SOURCE MATERIAL>
--------------------------------------------------

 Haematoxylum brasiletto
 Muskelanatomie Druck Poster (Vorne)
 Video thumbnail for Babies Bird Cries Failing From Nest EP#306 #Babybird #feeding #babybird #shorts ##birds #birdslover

--------------------------------------------------

EXERCISE BRIEF>
Transcribe the material exactly as it reads.

WRITTEN ANSWER>
 Haematoxylum brasiletto
 Muskelanatomie Druck Poster (Vorne)
 Video thumbnail for Babies Bird Cries Failing From Nest EP#306 #Babybird #feeding #babybird #shorts ##birds #birdslover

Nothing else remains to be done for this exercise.